Non mi confondo, invece?
Voglio dire, non è che confondo
la comprensione con il senso
che la distingue
da quello che dal fondo oscuro
dell’inudibile
soffocando risale?


*

Il giorno esiste
in quella sua
impossibile luce

e noi lo rivestiamo
del nostro sguardo
mutandolo

ogni volta
che ci accorgiamo
di essere

e noi siamo
il sorprendente mattino
l’improvviso tramonto.


*

Sono stato e rimasto nei precipizi della notte.
Ho guardato i suoi colori, percorso la lunghezza dei suoi silenzi.

Il brillio delle stelle innamorate della oscurità sospirante
immerse in quel segreto che le illumina
mi ha costretto a pensare quanto sia bello l’inutile guardare.

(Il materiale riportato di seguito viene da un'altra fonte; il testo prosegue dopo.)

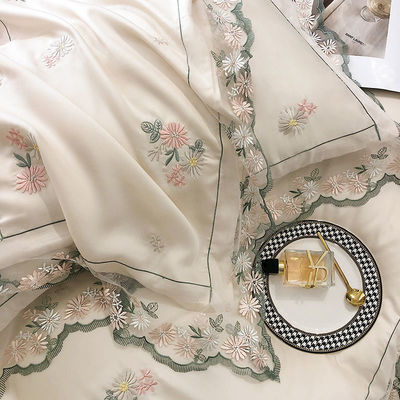 Todo el tiempo de seda blanca Queen King Size Set de ropa de cama con bordado a mano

E dentro la notte mi sono fermato,
e la notte ha sporto il suo volto
e s’è messa a guardare, penetrando ogni peso o ragione
nel corpo del senso di ogni cosa invocante
tra stella e ricordo di quella stella
tra luce e assenza di quella stessa luce.




Franco Facchini
è nato a Bologna nel 1951 e nel 1992 si è trasferito a Trieste dove ha vissuto fino al 2003, per poi trasferirsi a Zurigo fino al 2016. Attualmente vive a Bellinzona.
Ha pubblicato, oltre a diversi libri di filastrocche e opuscoli con artisti, i seguenti libri di poesia: In modo che niente (1988), L’attigua estremità del mondo (1988), Nei cieli di niente (1999), Nella voce che mente (2001), Disperata e senza luogo (2012, con un’acquaforte di Mimmo Paladino), La parvenza del vero (2020) e 8 Canzonette (2021).
Nel 1983 un suo radiodramma, Regolamento di conti, è stato trasmesso da Rai Radio 2.
Nel giugno 2016 ha letto, alla RSI Radio 2, una parte dei suoi lavori in prosa dal titolo Al di là del luogo e Declinando il pensiero.